Reconditioning lower-grade vehicles was a key strategy at 500 Automotive Chevrolet-Buick-GMC in Clinton, Ind., where French was dealer principal until he sold the dealership last month. It has been renamed Pilson Chevrolet-Buick-GMC. Reconditioning such vehicles helped the store to go from losing nearly $50,000 each month to bringing in six-figure profits instead, French said.
French, who sits on the board of directors for used-vehicle retailer TruWorth Auto in Indianapolis, adhered to four reconditioning principles during his career:
1. Have a dedicated buyer for lower-grade vehicles. This person has to be knowledgeable about types of damage and the reconditioning costs it would take to get the vehicles ready to sell, French said.
2. Have a remarketer. This is someone with the authority to shepherd the vehicle through the reconditioning process and get it prepped for sale.

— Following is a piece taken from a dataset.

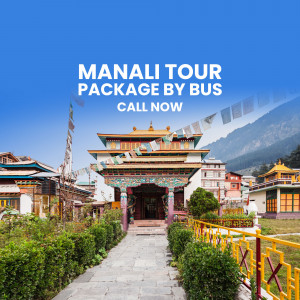 Image of Hadimba Devi Temple in Manali promoting a tour package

3. Don't have a pre-populated cost. There should not already be a reconditioning cost in the appraisal tool. "In other words ... every vehicle we appraise, we just put up $1,000 for reconditioning," French said. "You cannot do that with these types of lower-grade vehicles."
4. Have a unique reconditioning process for lower-grade vehicles. Those at 2.5 to 3.5 on the National Auto Auction Association vehicle condition grading scale should undergo a repair process different from what vehicles graded 4 to 5 go through, for example.
French said it's also an important rule of thumb for dealerships to be upfront about how they fix vehicles.
"The reason we sell them and have had success is ... if you are transparent on your website about the vehicle as its current condition after you've made some repairs, it appeals to a broader base of customers, especially with prices the way they are because they're priced very favorably," he said.